The Socialist Boogie Man 21 September 2019.

When it comes to the trajectory of Socialism, critics of Bernie Sanders and Elizabeth Warren are either ignorant or liars.  Historically, Socialism is an economic system in which 1.) society, not the private individual, owns the “means of production”; 2.) planning, rather than the market, determines the production of goods; and 3.) co-operation, rather than competition, is the guiding principle.

Socialism arose as a response to what people saw as the “injustices” of Capitalism; poverty, frequent unemployment; the destruction of the old handicraft industries, awful living conditions in factory cities, and a political system that tilted hard in favor of the capitalists.  Unions and strikes were illegal; there were high property requirements to be able to vote or run for office in most places; and real power belonged to the bourgeoisie.

Early Socialism (1820s-1848) argued that a humane economy and society could be created by building co-operative factories and towns managed by the people who worked and lived in them.  Many amusing stories come from this time.  (See: phalanstery; see: Brook Farm.)

In 1848 the German intellectuals Karl Marx and Friedrich Engels published The Communist Manifesto, creating the form of Socialism later called Marxism.  Marxism argued that a) capitalist greed would lead to a few owners gobbling up all their competitors so that ownership would end in a few hands; b) capitalist greed would lead to wages being forced down to the bare survival level; c) poor people can’t buy the things they produced, so capitalist governments would fight wars to conquer new markets and destroy surplus production that they could not sell; and d) all the miserable poor people would recognize that they belonged to one class (“those who work”) and the few owners belonged to another class (“those that don’t”); and e) revolution would replace Capitalism with Socialism.  Everyone would live happily ever after.

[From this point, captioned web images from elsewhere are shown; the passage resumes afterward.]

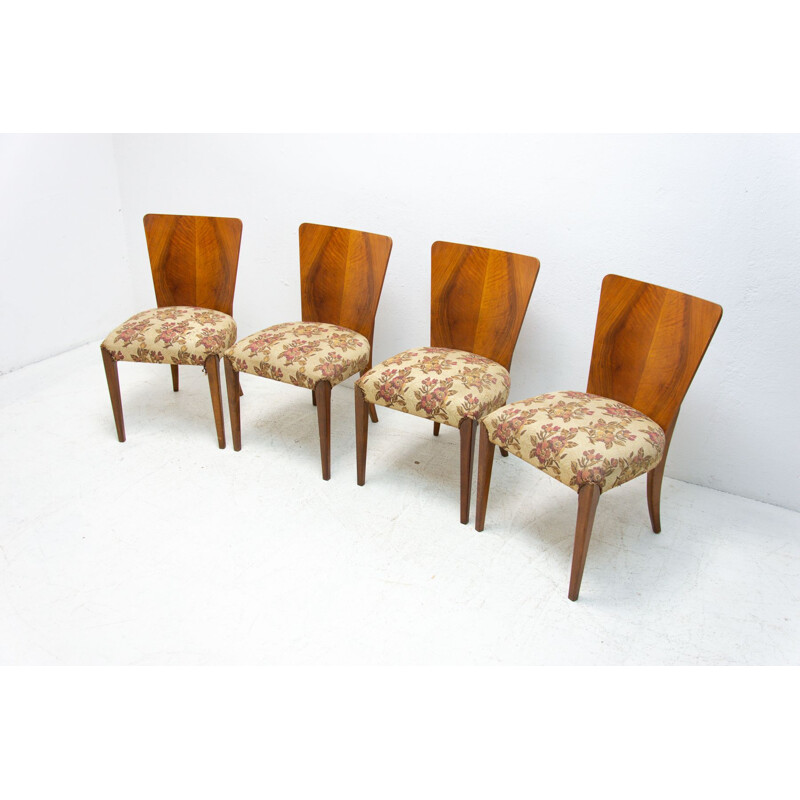 Lot de 4 chaises vintage Art Déco H-214 par Jindrich Halabala pour ÚP Závody 1950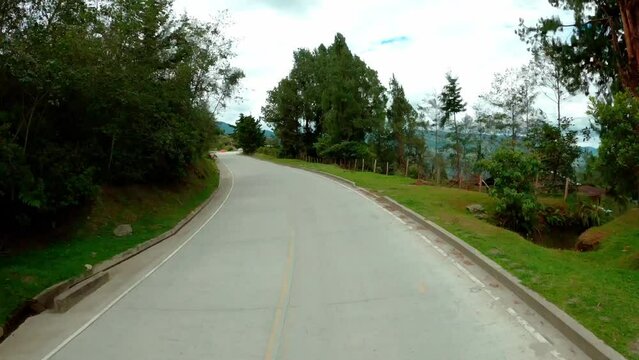 ride on the road in the mountainous nature of Colombia. timelapse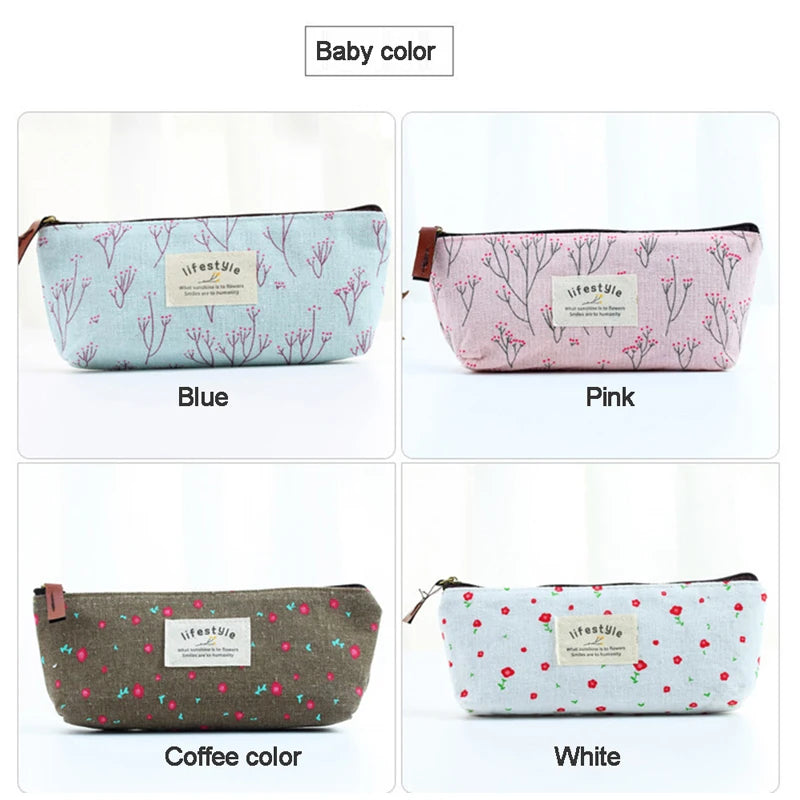 Floral Canvas Pencil Case - Zipper Stationery Pouch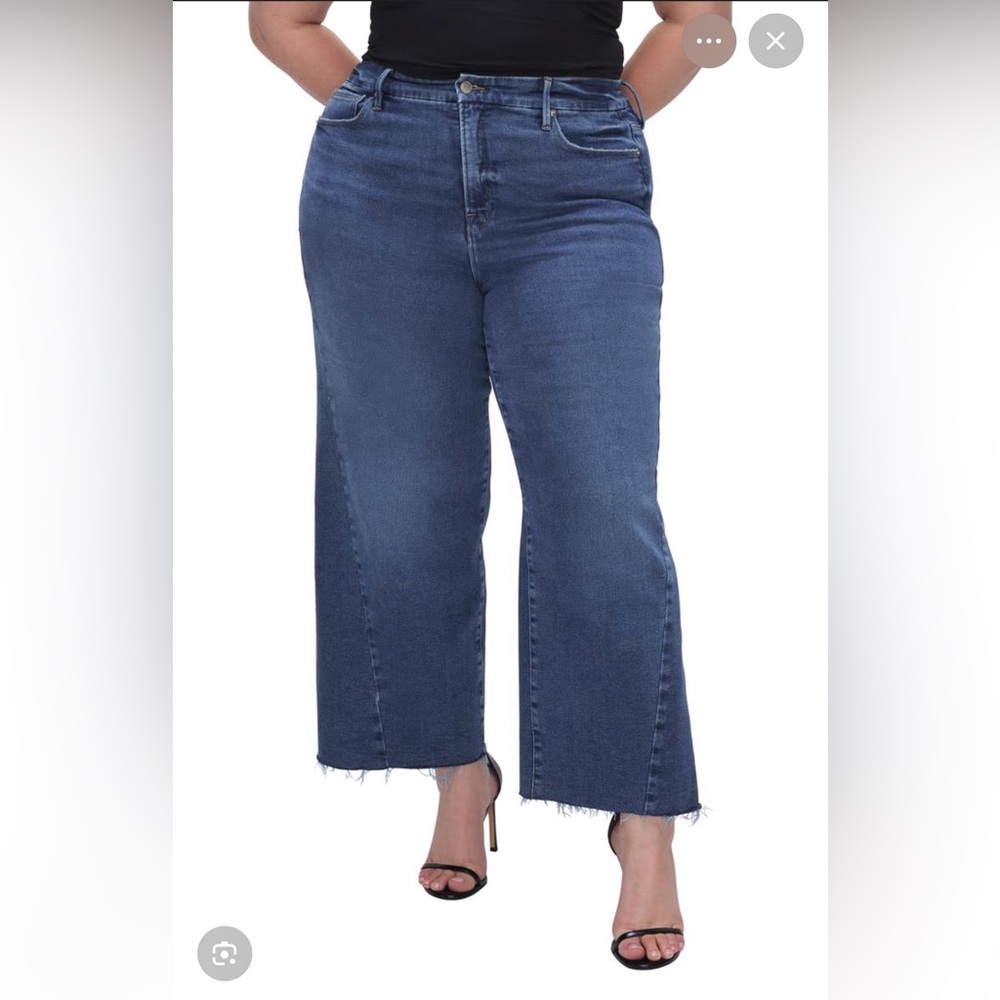 Good American Women's Palazzo Jeans Cropped Anthropology NWT NEW Plus Size 22W - Picture 2 of 16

Marxian Socialism became the dominant movement in Socialism after 1848.  However, capitalism began evolving: unions were legalized, wages and living standards rose, governments created social insurance systems, and the bourgeoisie accepted political democracy.  In the early 20th Century, Marxism split into two opposing groups.  Reformist or Democratic Socialists said that Marx’s predictions hadn’t worked out, that revolution had to give way to participating in democratic politics, and that politics required a willingness to bargain with the other classes.  In contrast, Communists said that to achieve Socialism it would take a small group of professional revolutionaries to organize “the masses” and then to lead a continuing revolution.

In practice, Communism turned out to represent “prison camps, overalls, and a damned long march to nowhere.”  Communism is what contemporary American conservatives describe as “Socialism.”

In fact, the British Labour Party, the French Socialist Party, and the German Social Democratic Party have never been anything but guardians of political democracy.  They have never tried to create a monopoly on political power and they have never failed to yield power when they lost a democratic election.  Sanders and Warren clearly fall within this tradition.

Fight them on the real and many failings of Socialism, but don’t scare-monger and lie.